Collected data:
________

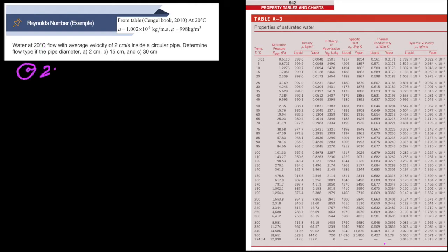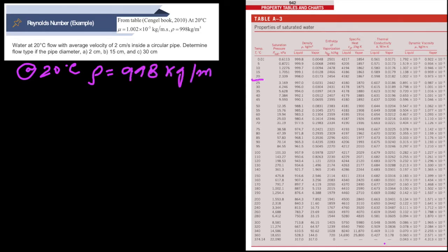The temperature is 20°C. From Table A3, the density of water at 20°C is 998 kg/m³. Next, we look up the dynamic viscosity, which from the table is 1.002 × 10⁻³ kg/m·s.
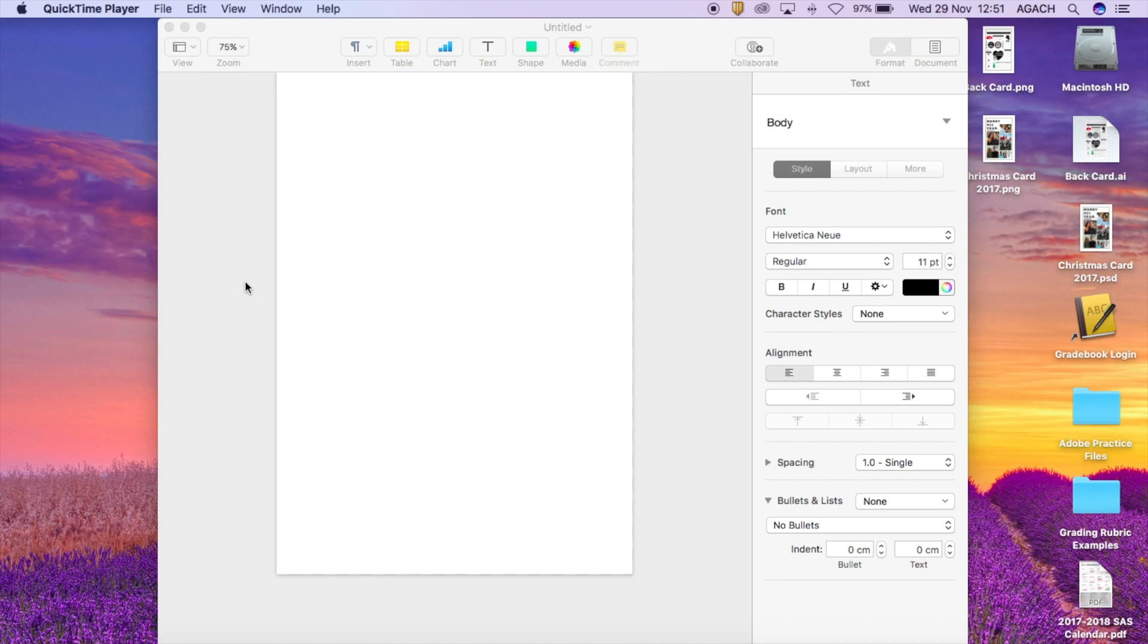Hey guys, Mrs. Gatch here. Today I'm going to show you the really cool things that you can do with shapes in Pages to create our minimalist poster.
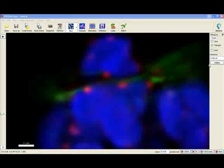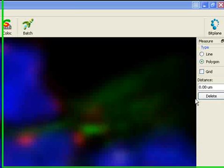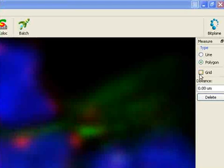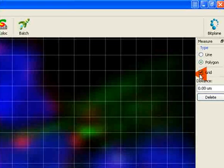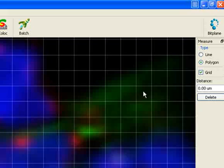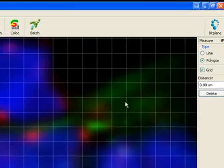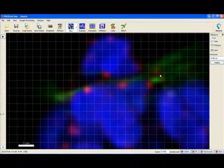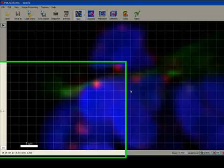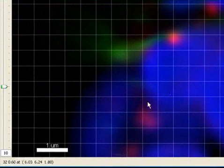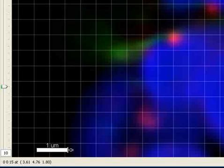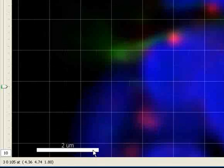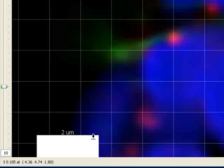Another way to estimate distances in the image is to use the grid display. Select the option grid and grid spacing is overlaid on the image. Click on the end of the grid line to adjust the grid. You can alter the length, width, location and font size of the interactive scale bar.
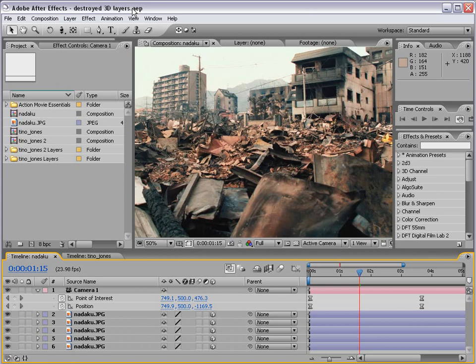Hey, what's up? Andrew Kramer here for Videocopilot.net, and welcome to another great video tutorial. As many of you may know, I recently had a baby girl, September 2nd, and it's an amazing thing, really.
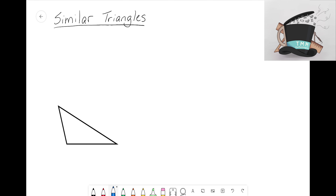Hey everyone, it's the math magician. In this video we're going to take our first look at similar triangles. This is part of a playlist of videos relating to similar triangles, but for this video we're going to take an intro look at what makes triangles similar.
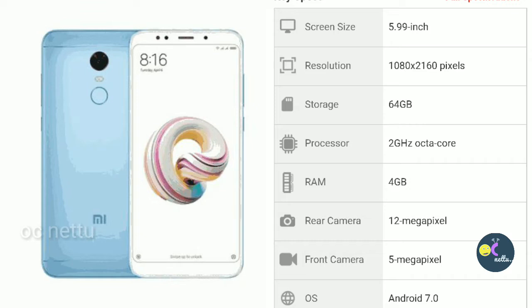The screen is 5.99 inch. The screen is 6.99 inch. The bezels are normal. The storage is 64GB. 64GB RAM.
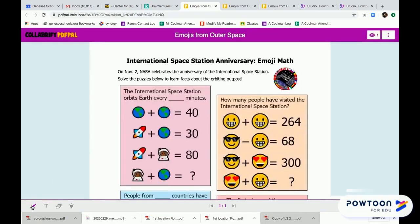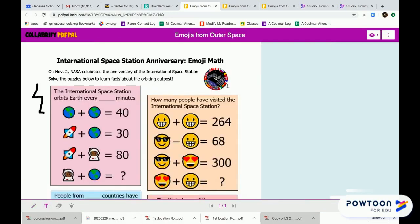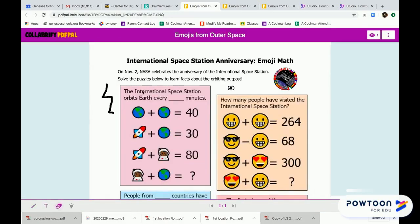The tools on the bottom left-hand side are the pencil you can write, the text you can type, and the eraser you can erase.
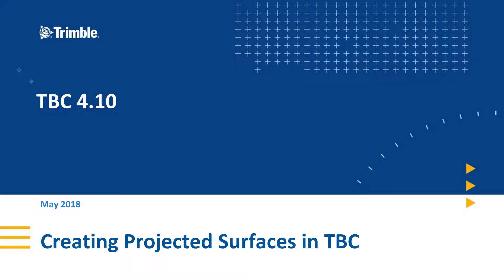Welcome to a TBC 410 feature video. In this video, we're going to be creating multiple projected surfaces, talk about plane definition, and take a look at projected surface properties.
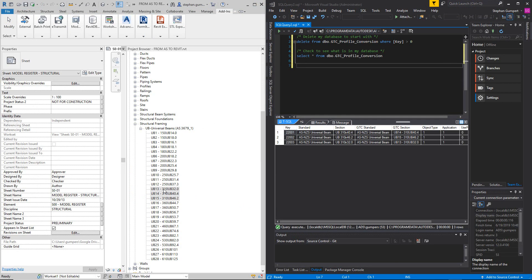So here you can see I have my Revit template with my families for my section sizes. What I've gone and done is I've modified my GTC profile conversion table so that when the UB from Advanced Steel — that's a 310 UB40 — writes the smlx file out, it's using the GTC standard of this and the GTC section size of this. So I'm actually including the UB14 entry in the database so as to be able to embed that information in my actual smlx file. You can see it's all in there — no problems.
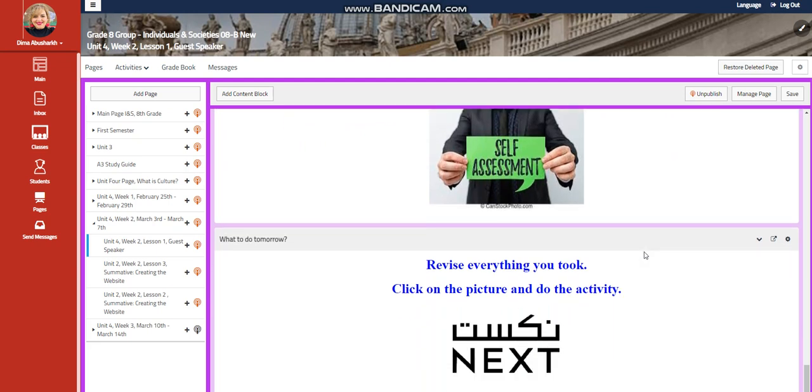You will have a self-assessment. And then you're going to revise everything you took through an interactive activity. Please click on next picture to take you there.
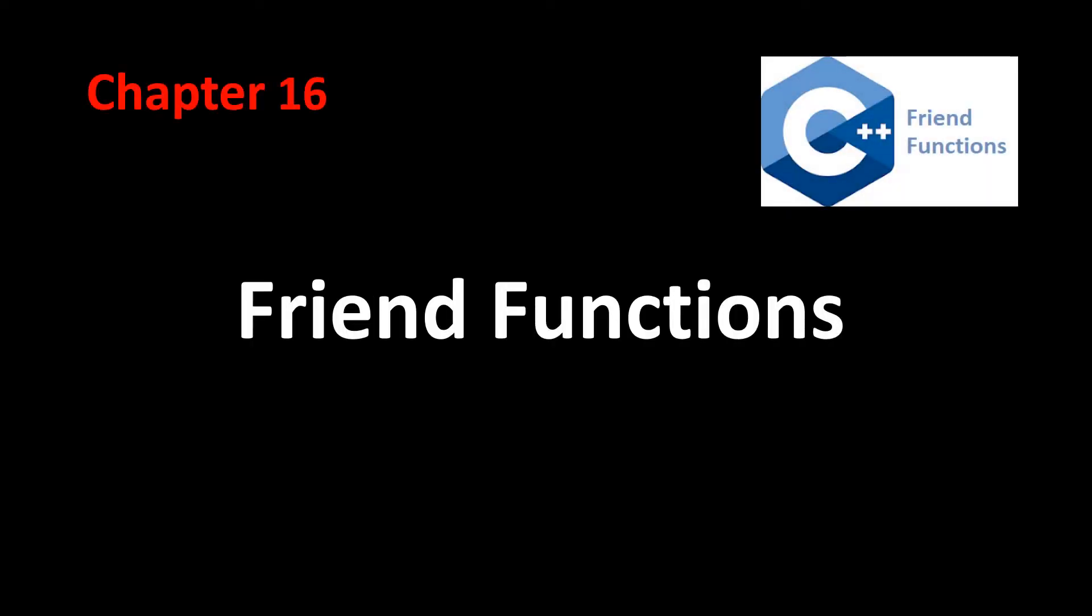Hi. Welcome back. Let's now take a quick look at what friend functions are. What is a friend function?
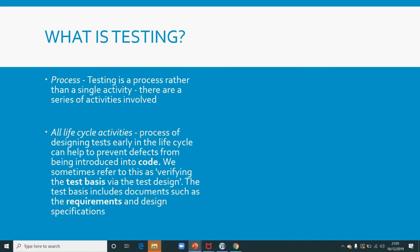Testing is a process — it's not a single activity. It has a life cycle. One of the reasons you do testing is to prevent defects from being introduced into your code. You verify against the test basis, which could be your requirement or design specification — the document that describes how your operation should work.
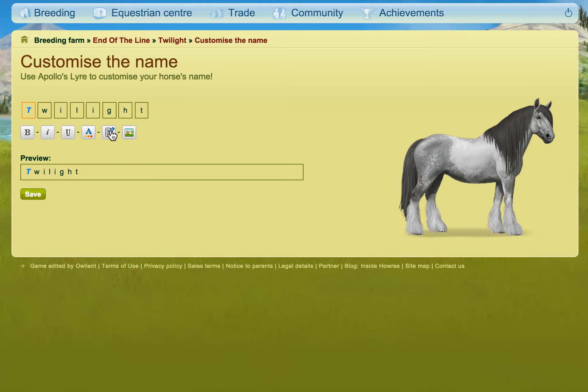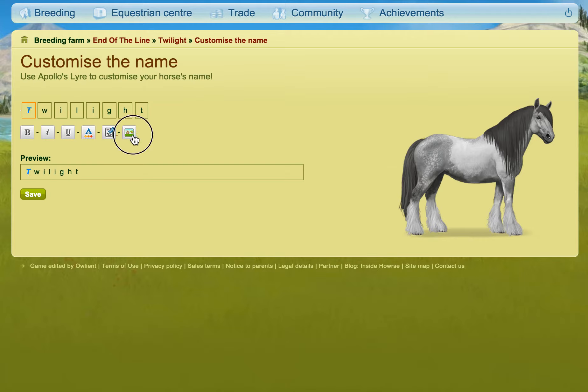You can also change the font type — if you click it a few times you can sort of just see it changing a little bit. And if you click this, you can also add pictograms as well.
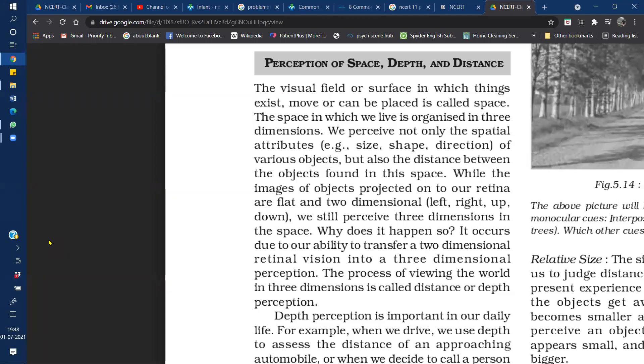Hello dear students. Today's lecture is about perception of size, shape and depth.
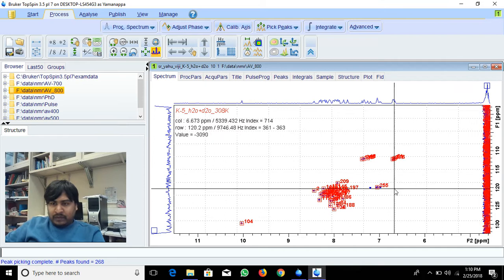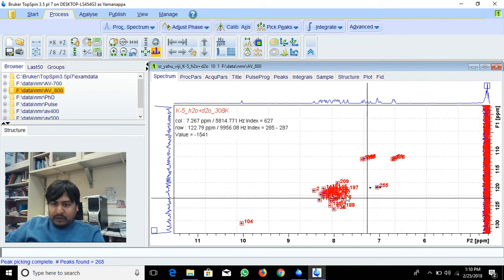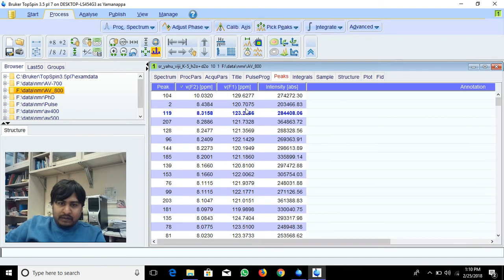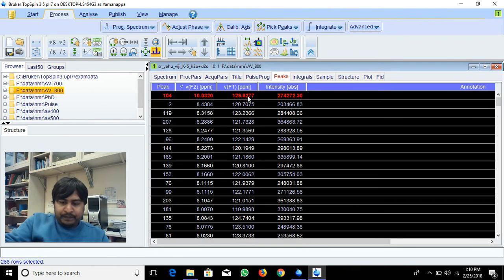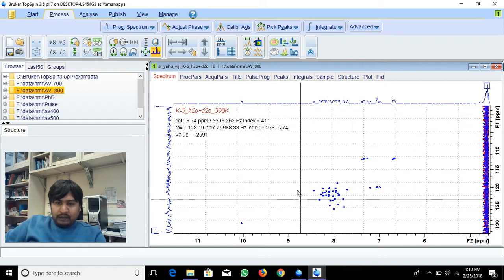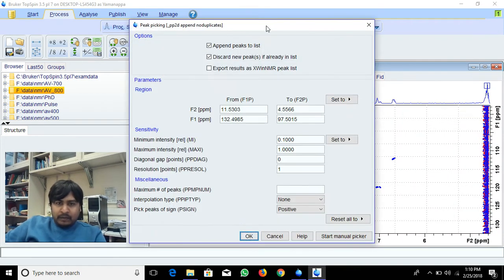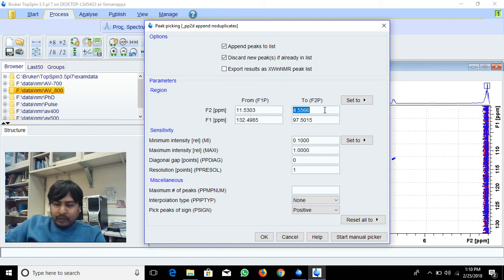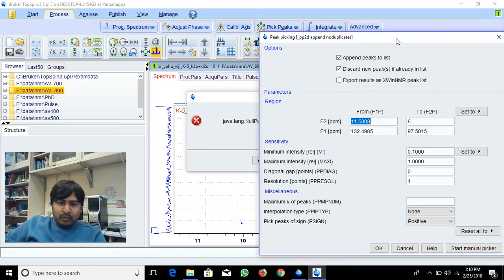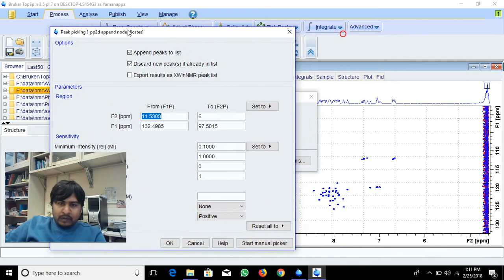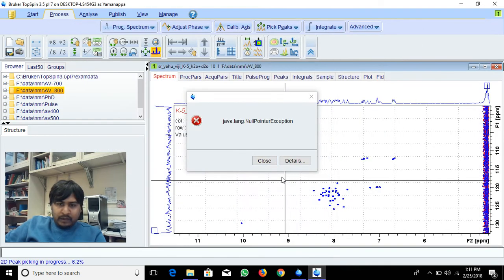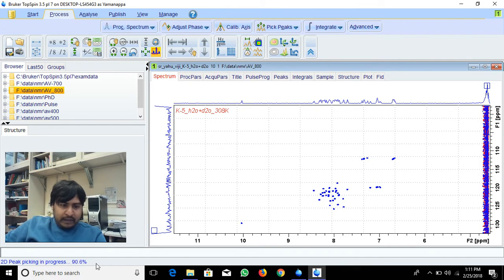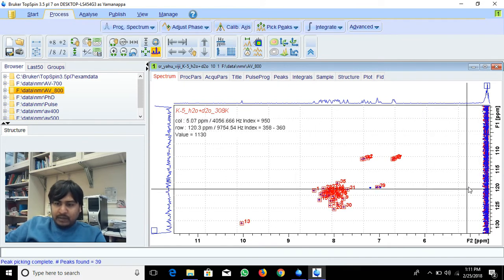Again I will give a PP command. I will give a range from 6 PPM to 11 PPM. Okay. Now see, it's running again. It selected only this peak, it didn't pick this noise.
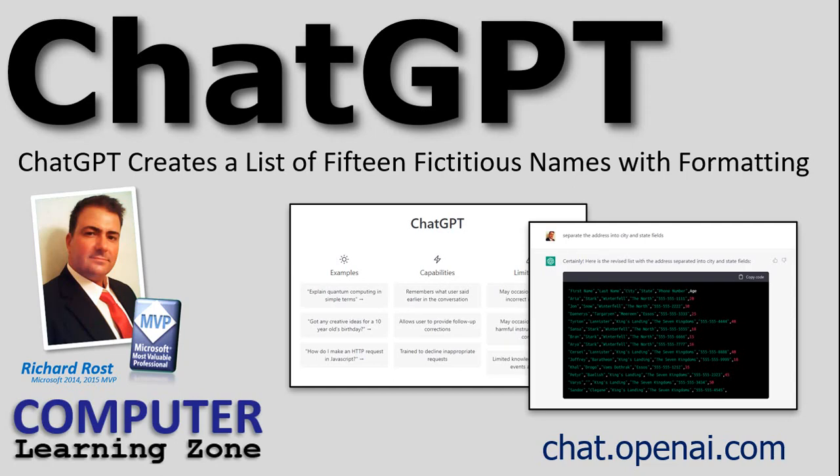Hey guys, this is Richard Ross with ComputerLearningZone.com. This isn't a formal lesson or anything. I just wanted to share an experience that I just had with ChatGPT. In case you haven't heard about this yet, this is artificial intelligence that can actually have a conversation with you and perform a whole bunch of crazy and impressive tasks.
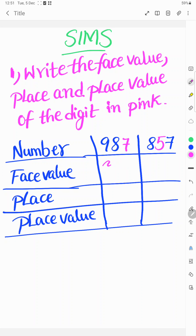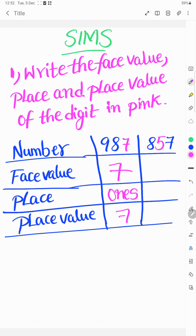What is the face value? Face value of 7 is seven. Place: ones place. Place value: seven, since it has ones place. For the digit 5: face value is five, place is tens place, and place value is fifty.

________

### PROBLEM TO SOLVE
Leaving out each picture, repeat exactly the lines above from the one that contains "Hey, what's up?" through the one that contains "Hey everyone, it's".

### RESULT OF THE TASK
Hey, what's up? Andrew Kramer here for Videocopilot.net, and welcome to another great video tutorial. As many of you may know, I recently had a baby girl, September 2nd, and it's an amazing thing, really.
Hey everyone, it's the math magician. In this video we're going to take our first look at similar triangles. This is part of a playlist of videos relating to similar triangles, but for this video we're going to take an intro look at what makes triangles similar.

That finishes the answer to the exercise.